2008: Straw colored. Starts with green, herbal notes and a likeness to sauvignon blanc. The palate shows some cream, vanilla and roasted grain. It is broad, fleshy and still vibrantly youthful with still fresh acids. Mouthwatering and complex. This is a great example of mature chasselas.
2005: Straw/gold in color. A bit of cider and pickling brine aroma. Palate is nutty and creamy with remarkable depth of flavor. Acids are juicy and lend an air of youthfulness and freshness to an otherwise delightfully mature bottle. Still has some room to grow. Very good.
Domaine Cornulus (Savièse, Valais): The dynamic duo of Stéphane Reynard and Dany Varone have propelled this domaine to the top of Swiss viticulture. Everything they do is done with style. The wines, across the extensive portfolio, are always compelling, expressive and polished. This is from the Clos du Mangold vineyard which sits upon one of the numerous limestone deposits found in the Alps and the Valais. It is one of several varieties bottled separately under the CDM label. I find it to be among the most ambitious and complex chasselas in Switzerland.
Clos du Mangold, “Vieilles Vignes”, Valais (chasselas)—
2014: Platinum colored. Walnut skin, grapefruit, apple and green herbs on the nose. Distinct minerality with citrus and nutty flavors. Palate is luxurious and mouthwatering. This is one of the finest chasselas year-in-and-year-out in the Valais.
2011: Silvery/straw in color. Very fine savory nose with hints of lemon peel and herbs. Very rich, almost thick palate with savory fresh herbs as its focus. Flavors linger along the spine of minerally acids. Very good.
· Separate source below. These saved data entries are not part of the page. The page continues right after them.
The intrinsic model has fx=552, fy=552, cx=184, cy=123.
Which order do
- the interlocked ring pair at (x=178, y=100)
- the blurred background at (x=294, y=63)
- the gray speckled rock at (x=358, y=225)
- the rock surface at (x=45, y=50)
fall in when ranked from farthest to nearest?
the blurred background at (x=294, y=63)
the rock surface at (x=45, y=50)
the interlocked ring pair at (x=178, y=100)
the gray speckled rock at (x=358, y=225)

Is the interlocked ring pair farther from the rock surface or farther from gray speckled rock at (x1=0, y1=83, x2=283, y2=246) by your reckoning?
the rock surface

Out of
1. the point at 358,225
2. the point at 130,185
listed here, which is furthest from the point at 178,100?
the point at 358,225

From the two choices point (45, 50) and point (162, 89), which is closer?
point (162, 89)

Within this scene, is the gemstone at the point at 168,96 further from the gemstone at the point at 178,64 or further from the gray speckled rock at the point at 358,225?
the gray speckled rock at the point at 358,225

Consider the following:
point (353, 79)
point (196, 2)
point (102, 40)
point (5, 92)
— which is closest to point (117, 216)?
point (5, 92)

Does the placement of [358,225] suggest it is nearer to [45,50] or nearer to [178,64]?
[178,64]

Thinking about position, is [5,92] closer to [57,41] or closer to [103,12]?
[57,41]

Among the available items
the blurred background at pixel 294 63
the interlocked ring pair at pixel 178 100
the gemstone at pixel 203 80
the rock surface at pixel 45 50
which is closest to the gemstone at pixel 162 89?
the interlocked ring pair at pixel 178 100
2008: Pale straw in color. Appetizing double crème de gruyère nose. Lemon curd and cereal notes as well. Once again an astonishingly rich palate with flavors of cream and candied citrus peel. Exemplary length. One of the finest whites of the afternoon.
Domaine des Muses (Sierre, Valais): Another rare native variety; thought to be a cross of colombaud blanc, from Provence, and chichaud, from the Ardèche. It is reputed to be neutral in aromatics and rich on the palate with aggressive acidity; it is, therefore, a good candidate for barrel fermentation and a mitigating secondary fermentation. Robert Taramarcaz, proprietor of Domaine des Muses, manages to coax the most out of this reclusive variety and is a leader among its proponents.
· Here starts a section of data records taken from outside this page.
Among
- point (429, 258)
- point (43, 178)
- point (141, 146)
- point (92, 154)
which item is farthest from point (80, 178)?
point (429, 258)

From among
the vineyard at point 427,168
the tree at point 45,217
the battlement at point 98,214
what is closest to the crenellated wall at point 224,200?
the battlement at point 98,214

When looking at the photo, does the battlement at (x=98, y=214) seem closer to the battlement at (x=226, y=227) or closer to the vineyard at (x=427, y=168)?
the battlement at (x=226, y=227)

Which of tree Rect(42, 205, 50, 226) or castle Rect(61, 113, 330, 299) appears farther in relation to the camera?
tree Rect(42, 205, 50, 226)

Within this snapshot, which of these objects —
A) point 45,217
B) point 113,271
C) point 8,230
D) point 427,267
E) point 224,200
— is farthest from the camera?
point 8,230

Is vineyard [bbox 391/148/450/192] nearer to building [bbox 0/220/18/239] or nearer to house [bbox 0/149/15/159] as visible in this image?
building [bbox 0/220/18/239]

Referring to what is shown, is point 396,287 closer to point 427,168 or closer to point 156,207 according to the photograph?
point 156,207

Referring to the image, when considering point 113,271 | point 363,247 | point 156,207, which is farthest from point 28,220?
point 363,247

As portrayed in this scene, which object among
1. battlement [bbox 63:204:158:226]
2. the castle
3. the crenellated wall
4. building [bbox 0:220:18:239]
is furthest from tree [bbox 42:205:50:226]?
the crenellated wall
Humagne Blanche, “Tradition”, Valais—
2014: Pale straw in color. Very aromatic and sweet, spicy nose. Gingerbread notes. Lots of fat in the texture. Flavors of cream and sweet spices (cinnamon/nutmeg/clove) linger into a rich, prolonged finish. Plenty of acidity for positive development. Very nice.
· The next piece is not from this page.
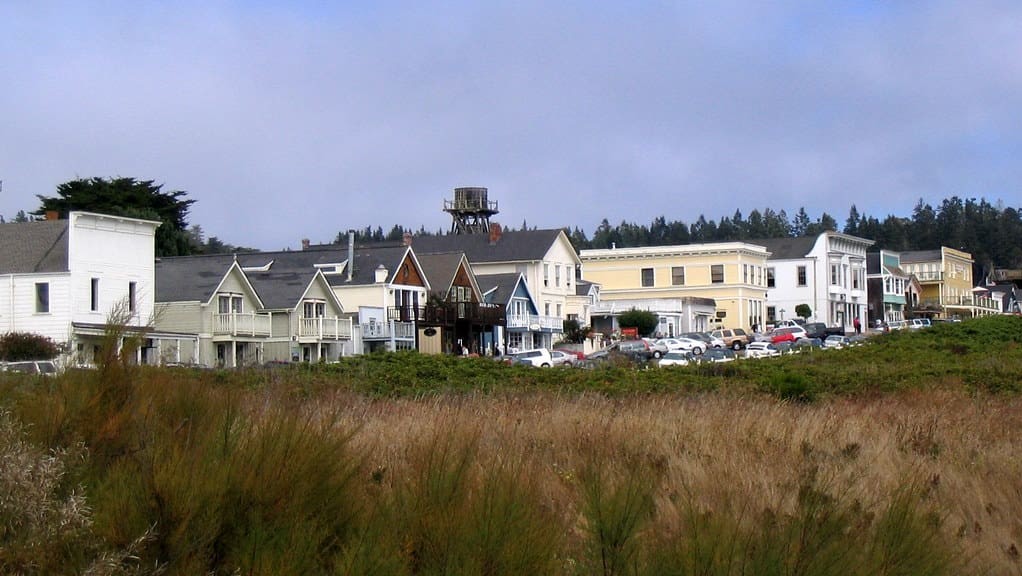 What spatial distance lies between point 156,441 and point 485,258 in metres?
76.6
2013: Straw colored. Cookie dough nose (butter/cereal/sugar). Palate is integrated with more vigorous freshness than above. Rice pudding flavors with real freshness. These are beginning to remind me of the Completer wines tasted earlier but not as dramatically lavish.
2012: Straw colored. More aromatics of the spicy, creamy ilk. Signature creamy, cereal, spicy notes on the palate with some marmalade notes. Very nice.
3 thoughts on “MDVS 2016: Part 1 – White Wine”
Nice Swiss wine cheat sheet, thanks! Is Completer comparable to anything else? Gewurz perhaps? Would love to try it one day!
Thanks for your comments. No Completer not as aromatic as gewurz. More like Sauternes and grand cru white burgundy mix. Really special and unique.
I met Didier Dagueneau once when his California importer brought him into my restaurant in Berkeley. I sold his wines there. He was awesome. He was going to rent Harleys for his posse and cruise down the coast to LA. Very crazy, bear-like man with a big beard before they were fashionable. Great wines, great man. Still my benchmark for sauvignon along with the Cotat family.
You should meet Randall Grahm @randallgrahm from Bonny Doon as eccentric as they come and a real pioneer. Paul-Henri Soler who I wrote about on my blog and another character, Abe Schoener from Scholium Project in Calilfornia.
I’m sure they would all meet your criteria.
LikeLiked by 1 person
That wine sounds incredible! And great suggestions, I’ll have to check these all out.